▸ Supplied data
=====
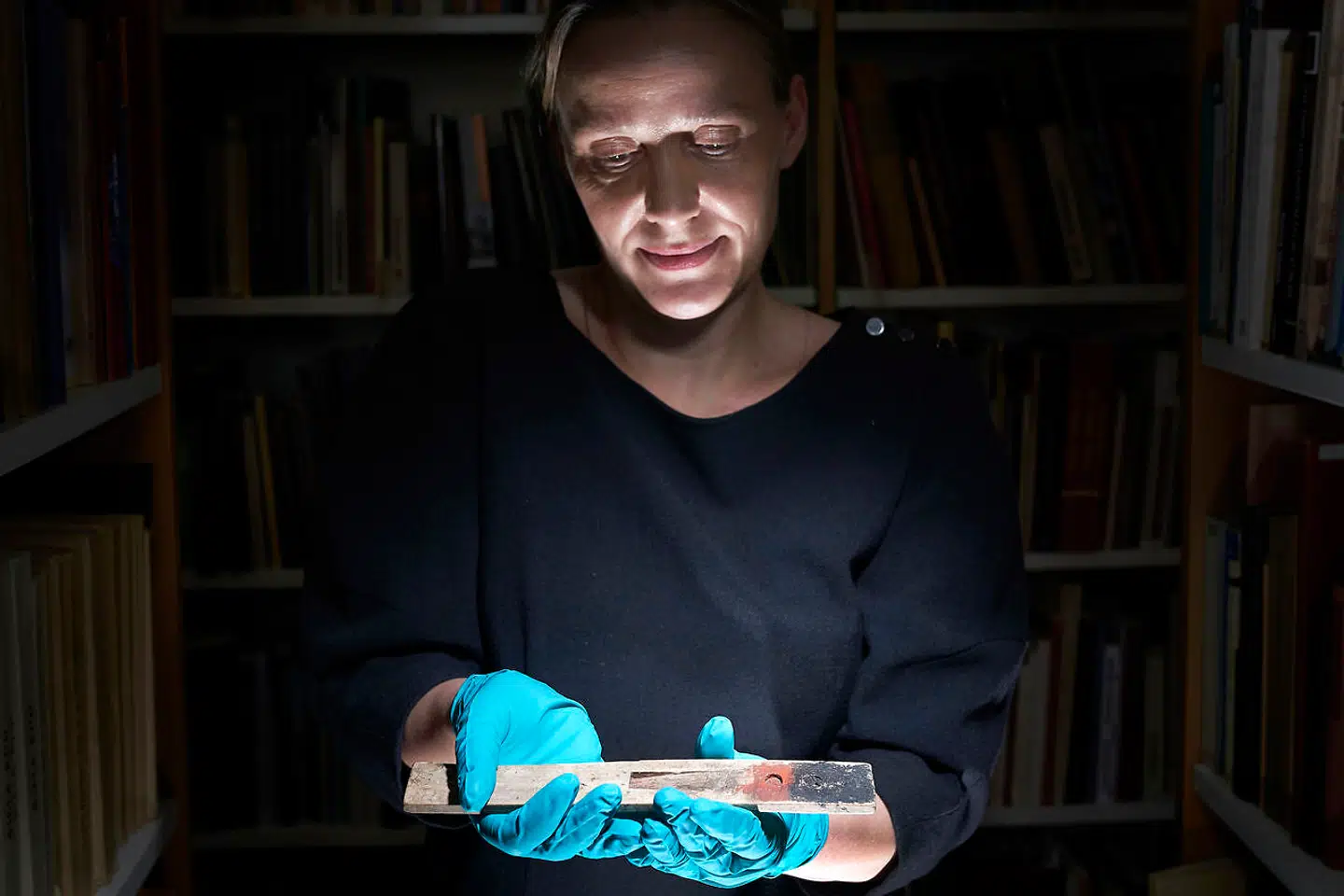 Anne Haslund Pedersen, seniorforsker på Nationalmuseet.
=====
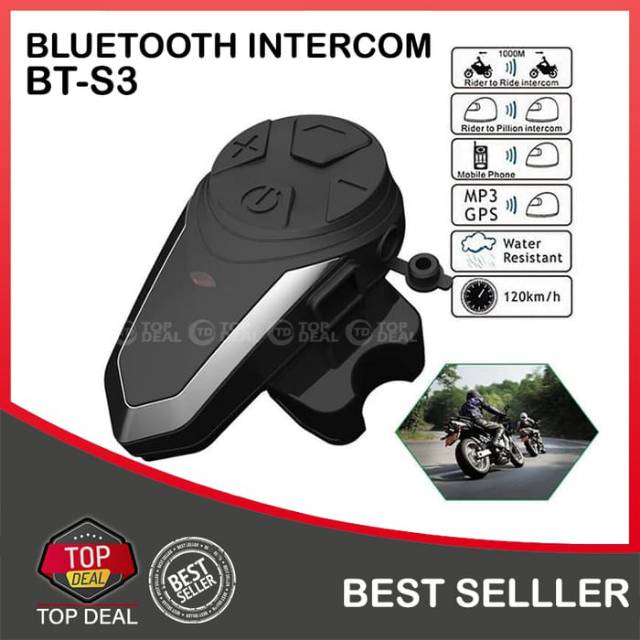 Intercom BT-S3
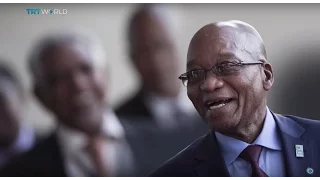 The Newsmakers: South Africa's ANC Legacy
=====
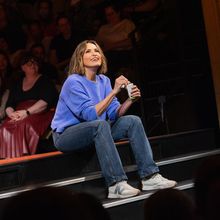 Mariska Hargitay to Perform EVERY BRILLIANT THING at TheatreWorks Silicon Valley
=====
▸ Task item
Using the entries above, extract exactly the lines from the one that contains "Intercom BT-S3" through the one that contains "The Newsmakers: South Africa's ANC Legacy". Do not carry over any pictures.

▸ Final answer
 Intercom BT-S3
 The Newsmakers: South Africa's ANC Legacy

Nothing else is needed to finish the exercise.